Tout le week-end, les téléphones ont chauffé à Chiasso, Nyon et Yverdon et dans leur entourage avec une question majeure: que se trame-t-il en coulisses? Les uns croient savoir que le dossier de Chiasso n'est pas en ordre. Les autres que les Tessinois ont eu la licence, mais que le dossier de Nyon n'est pas complet. Mais alors, dans ce cas, pourquoi ne pas mettre fin au suspense directement vendredi et annoncer que Chiasso garde sa place? Bref, personne n'en sait rien, et tout le problème réside dans la communication de la SFL, qui laisse libre cours à toutes les interprétations, y compris les plus malsaines. Pourquoi faire de l'obtention des licences un cas opaque? Pourquoi ne pas mettre toutes les cartes sur la table?

En agissant de cette manière, la commission des licences agit comme si elle avait quelque chose à cacher. On espère bien que ce n'est pas le cas, mais si la SFL pense que tout le monde lui fait confiance les yeux fermés dans la gestion de ce dossier, elle se trompe.

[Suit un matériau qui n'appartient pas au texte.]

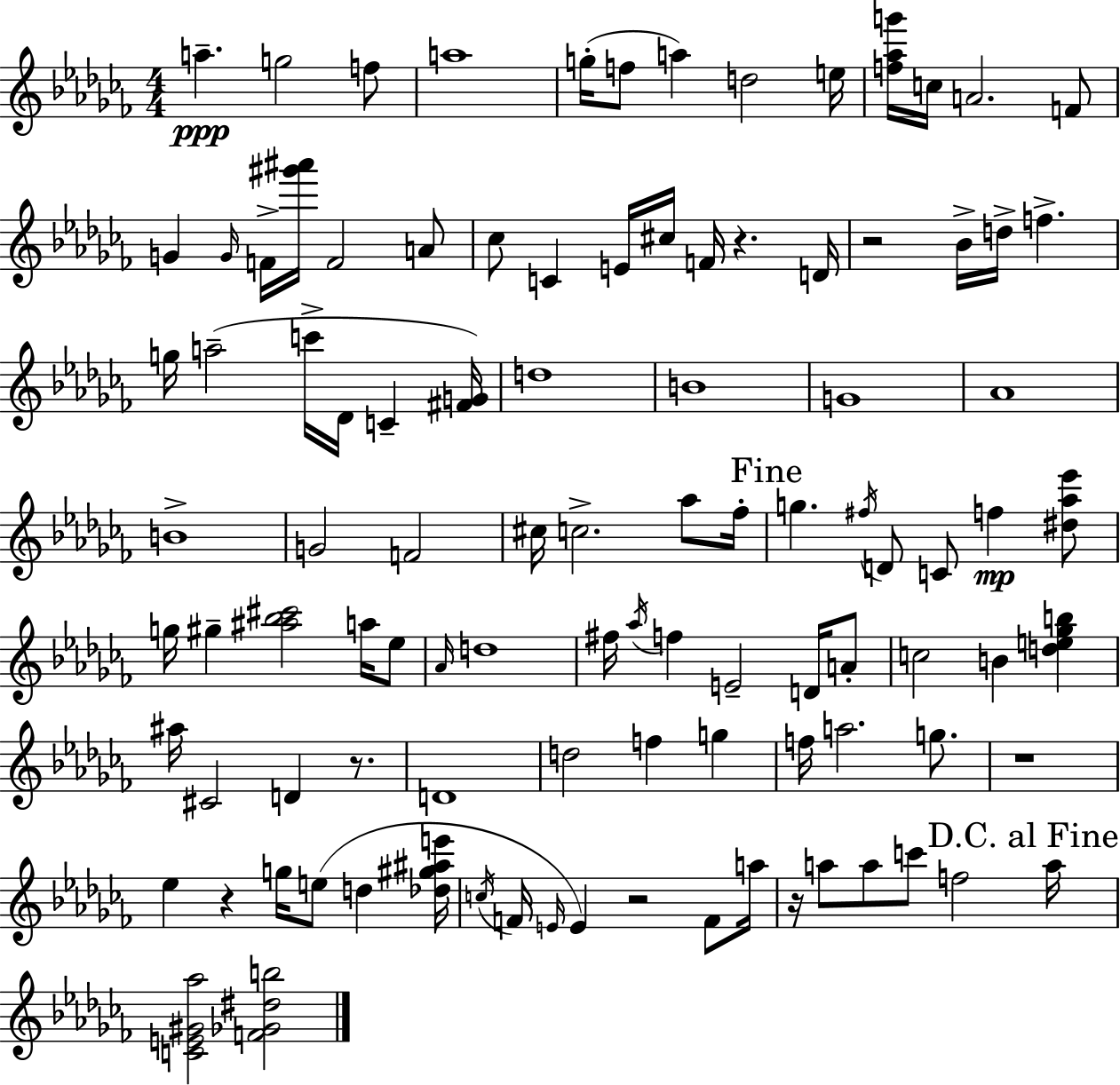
{
  \clef treble
  \numericTimeSignature
  \time 4/4
  \key aes \minor
  a''4.--\ppp g''2 f''8 | a''1 | g''16-.( f''8 a''4) d''2 e''16 | <f'' aes'' g'''>16 c''16 a'2. f'8 | \break g'4 \grace { g'16 } f'16-> <gis''' ais'''>16 f'2 a'8 | ces''8 c'4 e'16 cis''16 f'16 r4. | d'16 r2 bes'16-> d''16-> f''4.-> | g''16 a''2--( c'''16-> des'16 c'4-- | \break <fis' g'>16) d''1 | b'1 | g'1 | aes'1 | \break b'1-> | g'2 f'2 | cis''16 c''2.-> aes''8 | fes''16-. \mark "Fine" g''4. \acciaccatura { fis''16 } d'8 c'8 f''4\mp | \break <dis'' aes'' ees'''>8 g''16 gis''4-- <ais'' bes'' cis'''>2 a''16 | ees''8 \grace { aes'16 } d''1 | fis''16 \acciaccatura { aes''16 } f''4 e'2-- | d'16 a'8-. c''2 b'4 | \break <d'' e'' ges'' b''>4 ais''16 cis'2 d'4 | r8. d'1 | d''2 f''4 | g''4 f''16 a''2. | \break g''8. r1 | ees''4 r4 g''16 e''8( d''4 | <des'' gis'' ais'' e'''>16 \acciaccatura { c''16 } f'16 \grace { e'16 }) e'4 r2 | f'8 a''16 r16 a''8 a''8 c'''8 f''2 | \break \mark "D.C. al Fine" a''16 <c' e' gis' aes''>2 <f' ges' dis'' b''>2 | \bar "|."
}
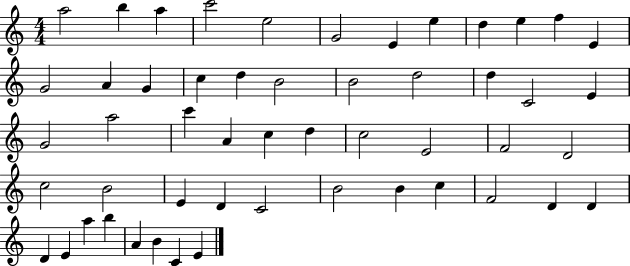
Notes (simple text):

A5/h B5/q A5/q C6/h E5/h G4/h E4/q E5/q D5/q E5/q F5/q E4/q G4/h A4/q G4/q C5/q D5/q B4/h B4/h D5/h D5/q C4/h E4/q G4/h A5/h C6/q A4/q C5/q D5/q C5/h E4/h F4/h D4/h C5/h B4/h E4/q D4/q C4/h B4/h B4/q C5/q F4/h D4/q D4/q D4/q E4/q A5/q B5/q A4/q B4/q C4/q E4/q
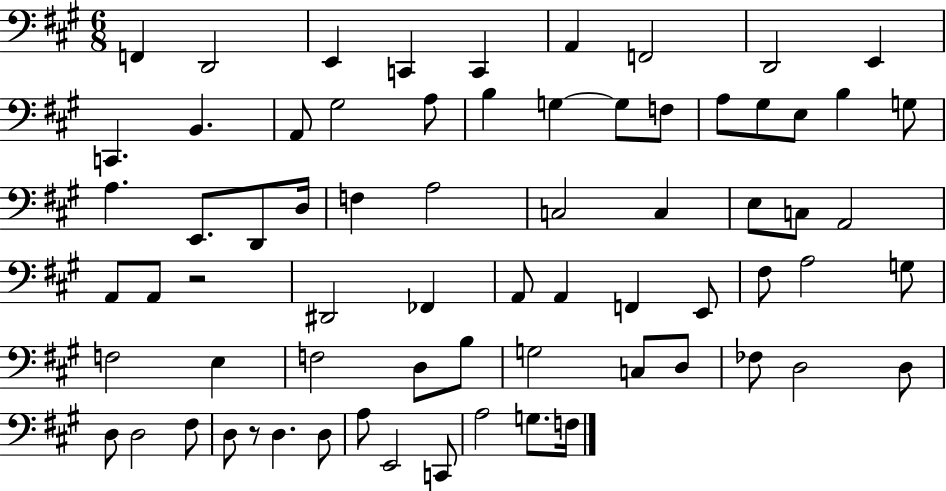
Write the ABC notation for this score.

X:1
T:Untitled
M:6/8
L:1/4
K:A
F,, D,,2 E,, C,, C,, A,, F,,2 D,,2 E,, C,, B,, A,,/2 ^G,2 A,/2 B, G, G,/2 F,/2 A,/2 ^G,/2 E,/2 B, G,/2 A, E,,/2 D,,/2 D,/4 F, A,2 C,2 C, E,/2 C,/2 A,,2 A,,/2 A,,/2 z2 ^D,,2 _F,, A,,/2 A,, F,, E,,/2 ^F,/2 A,2 G,/2 F,2 E, F,2 D,/2 B,/2 G,2 C,/2 D,/2 _F,/2 D,2 D,/2 D,/2 D,2 ^F,/2 D,/2 z/2 D, D,/2 A,/2 E,,2 C,,/2 A,2 G,/2 F,/4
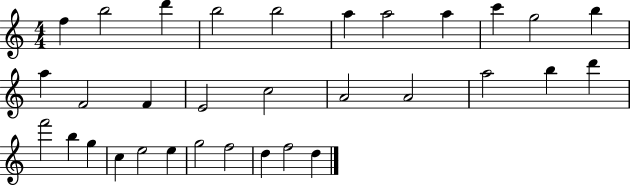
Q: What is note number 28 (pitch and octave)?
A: G5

Le petit monde du football suisse en a marre. Marre de voir que Wil peut accumuler les millions de dettes et obtenir la licence sans problème. Marre de constater qu'un club par année renonce à disputer le championnat de Challenge League. La SFL ne peut certes rien au cas de Bienne, mis en faillite par un président à côté de la plaque, mais le tableau d'ensemble est sombre. Très sombre. Il faut une réforme du système des licences, tant dans les critères pour leur obtention que dans la communication y relative. Et assez vite, si possible.